On top of all of that, his supervisors would approach him and say, “You really need to speed things up. We don’t know what’s taking you so long, but everyone else always seems to be able to complete their workload by the end of the day, except for you.”
Steve couldn’t figure it out either. He was as competent and capable and diligent as any of them. So, why was he lagging so far behind?
Eventually, he discovered the answer. The issue had nothing to do with anything he was doing; it had to do with what he wasn’t doing that everyone else was.
While Steve was diligent in making sure that he was accurately and completely inputting every single report assigned to him, it turned out that his coworkers were far less conscientious. In fact, it turned out that at the end of the day, they stuffed any and all unfinished paperwork into their backpacks, snuck it out of the office, and unceremoniously dumped it into the trash on their way home!
Upon learning this, Steve at least felt somewhat vindicated in knowing that he was not the problem. But now that he knew this…what to do about it? Join the club—sacrificing his integrity, but at least getting his boss off his back? Become a whistleblower, thereby proving to his bosses that he was not the problem? (Although he doubted that his bosses would even care, anyway, as long as they didn’t have to see the work piling up.) Or keep doing what he was doing, and continue to bear the wrath of his bosses for his underperformance?
It’s an interesting and challenging dilemma, but in the end, being a person of integrity, Steve just kept doing what he was doing, until he eventually found himself another job.
This is one of those stories that sounds like the movie Office Space, featuring the infamous TPS reports. But things like this actually happen…and then we wonder why the majority of employees in the workplace are disengaged.
Steve’s story always brings to mind three of Peter Drucker’s most well-known quotes:
1. “What gets recognized and rewarded is what gets done.”
Steve’s supervisors were recognizing and rewarding speed, with no regard at all for accuracy. Or integrity. Or any sense of purpose relative to the work at hand. It was just a meaningless task. And seeing as the only thing the supervisors seemed to care about was whether the workers ended their shift with a clear desk, that’s exactly what they got.
2. “If you can’t measure it, you can’t manage it.”
Similarly, Steve’s supervisors measured success not by the quality of the work that was being done, but simply by the quantity of the work completed. And, by “completed,” that meant that there were no reports left over…regardless of why that was. As long as everyone was able to “check their boxes” and cover their behinds, that was all that mattered.

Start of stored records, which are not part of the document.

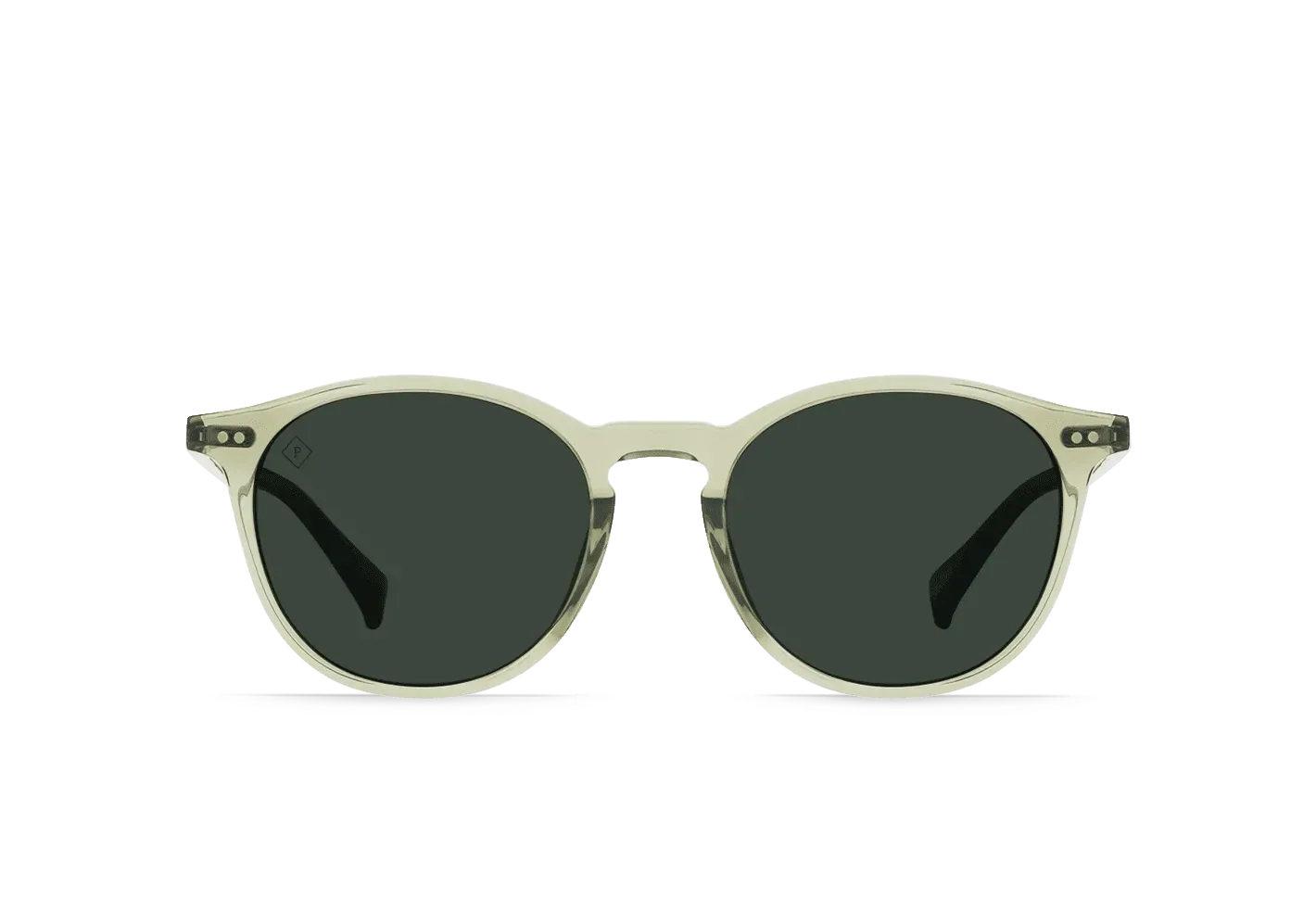 Raen Sunglasses Basq - Image 19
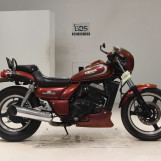 Мотоцикл Kawasaki ELIMINATOR 250SE с пробегом 35324 km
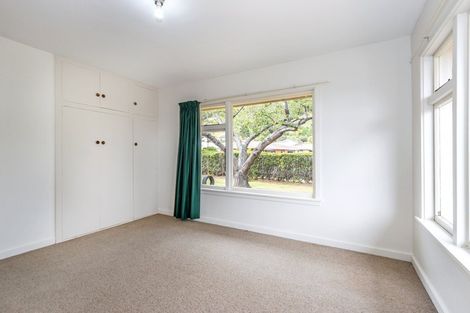 Photo of property in 253 Port Hills Road, Heathcote Valley, Christchurch, 8022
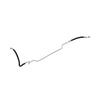 07-24276-000 TUBE-RETURN,ITOC,DD13,16I,LFC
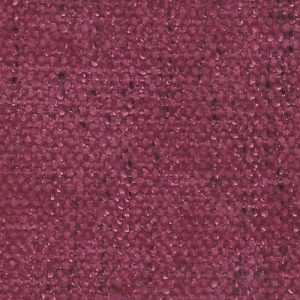 Vloerkleedstof rood. Mooie rode interieurstof voor vloerkleden en meubelbekleding.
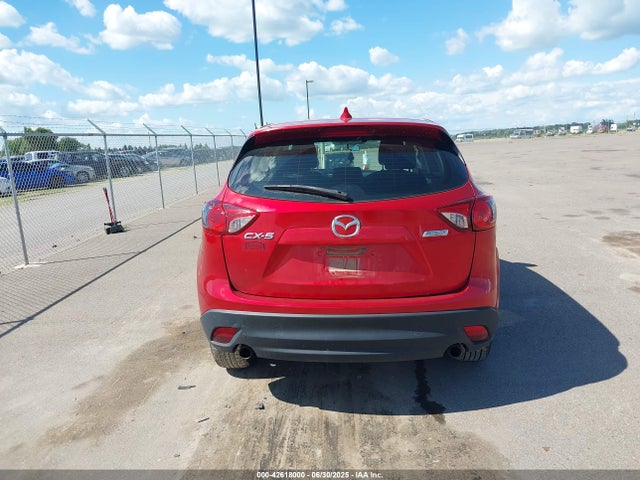 Mazda pe 2015 JM3KE2BE3F0494501 Image 16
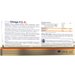 Gold Omega 3 D3+K2 30 kaps. Olimp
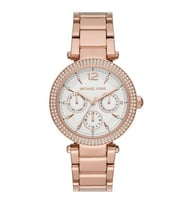Michael Kors MK5781 Kadın Kol Saati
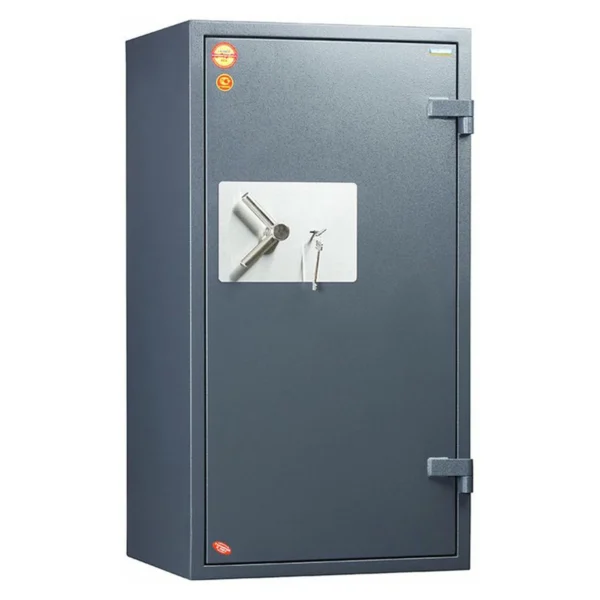 Огневзломостойкий сейф VALBERG ГАРАНТ ЕВРО 133Т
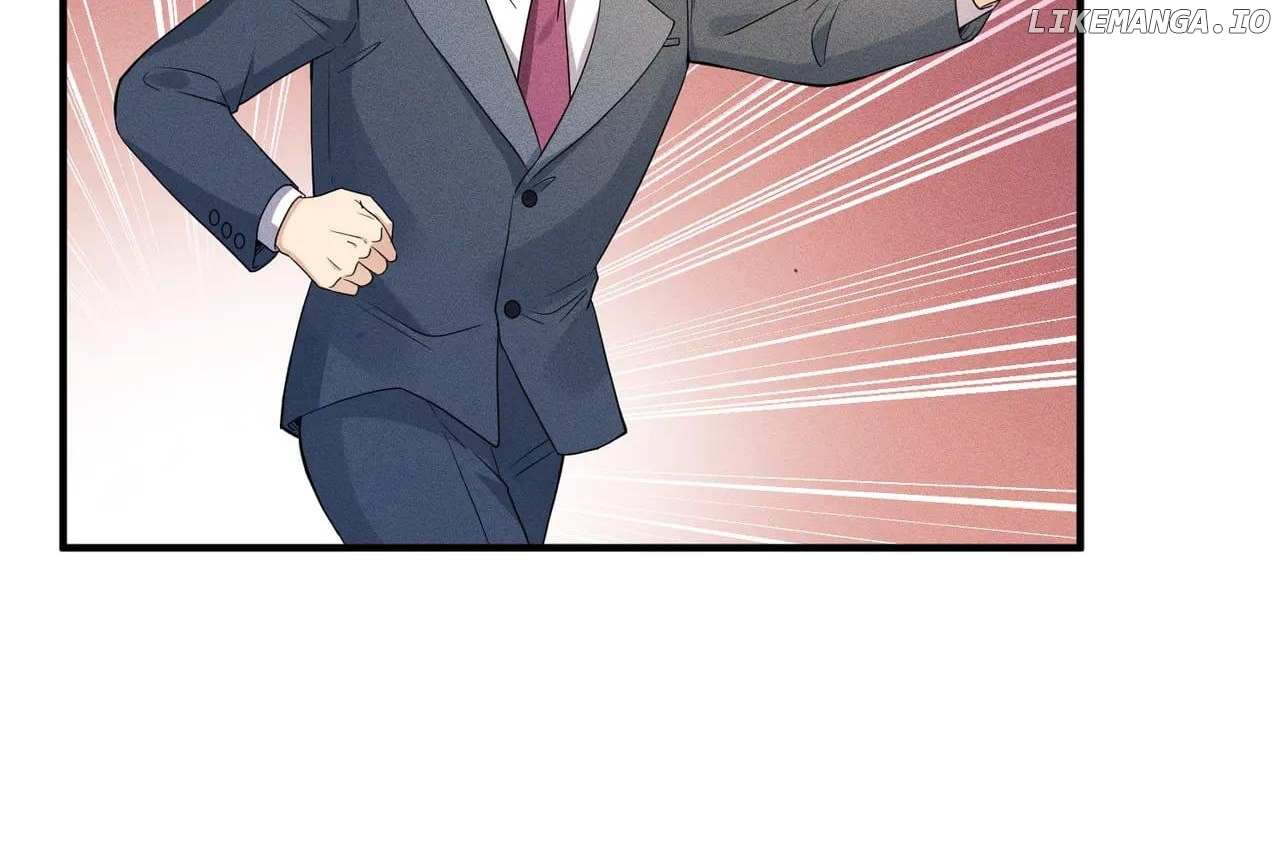 Almighty Boss, Beautiful and Dashing Chapter 13 page 63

3. “Management is about doing things right; leadership is about doing the right thing.”
Steve’s colleagues were being managed (poorly) and, most definitely, not being led. Everyone—except for Steve—failed to “do things right”…or do what anyone with a moral compass would consider “the right thing.”

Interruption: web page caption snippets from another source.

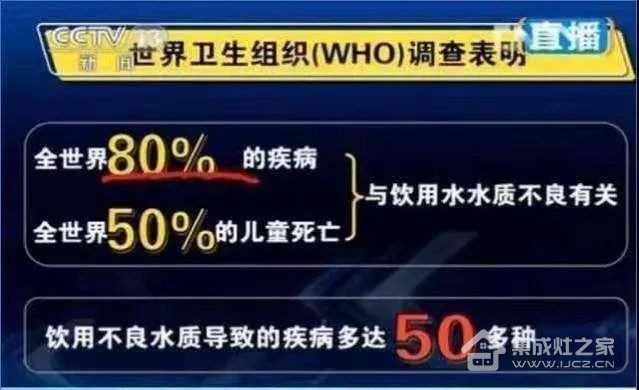 微信图片_20230811084850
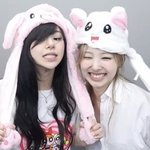 [드루와] 나 피부 좋은데 코만 ㅈ<b>창남</b>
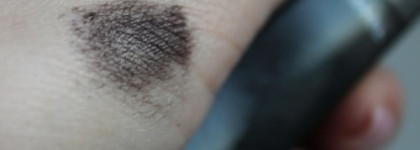 Тушь не на каждый день - Chanel Sublime De Chanel Infinite Lenght And Curl Mascara #20 - deep brown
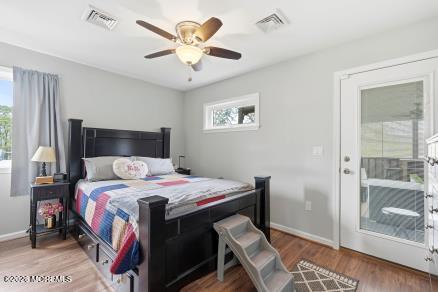 422 W Cala Breeze Way Little Egg Harbor NJ 08087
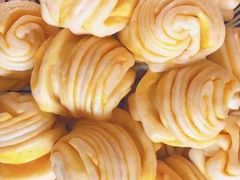 -大班家政月嫂育儿嫂(总部店)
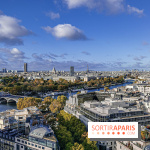 Hôtel Courtyard Paris Gare de Lyon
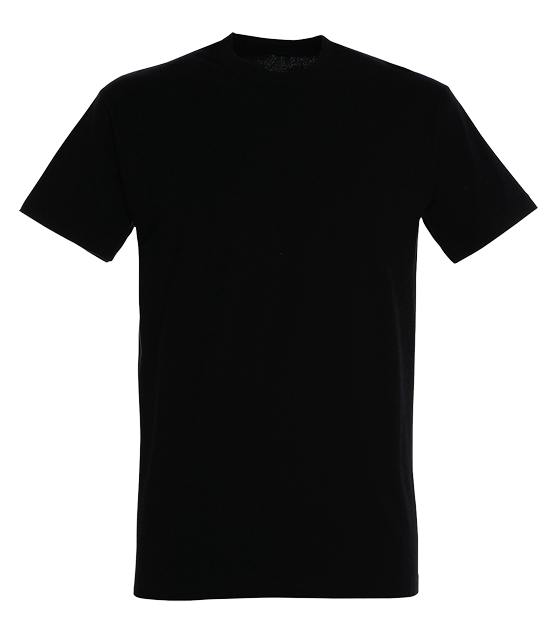Pack [BOSSEUR à votre Marque] 2 Harpoon Medium+ + 5 Tee-shirts + 2 Sweats [Marquage OFFERT]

When it comes to balancing “doing things right” and “doing the right thing,” everyone wants everything done “better, faster, and cheaper,” but you can’t always have all three; you sometimes need to prioritize. You can have things done “right” or you can have them done “right now,” but you can’t always have it both ways. Ultimately, it all comes down to priorities…and values. And, without either—and, especially, without clear leadership—companies are going to get what they deserve.
If, at the end of the day, all that these managers care about is their staff leaving the office with a clean desktop, they might as well just toss their work directly into the trash right now and save them (and yourself) the time and trouble. But if a manager wants things done right—and the right things done—then they need to recognize and reward both productivity and performance.
Jim Collins, the author of the classic management book Good to Great, put it this way: “Don’t discipline people. Hire self-disciplined people and give them the freedom and responsibility to act, within the framework of a highly developed system.
Unfortunately, based on Steve’s experience—and mine—it seems that companies don’t always follow such advice.
In Review
The Big Lesson: Be both aware and intentional regarding how you define responsibilities, assign tasks, and determine incentives, because how you do will directly influence what you get.
The Big Question: What lessons can you take from Steve’s story, and have you ever been in a similar situation? What did, or what would you have done? And in light of Drucker’s idea that recognition and rewards can strongly influence what gets done, how can you apply these principles to your own workplace so as to get the right things done the right way?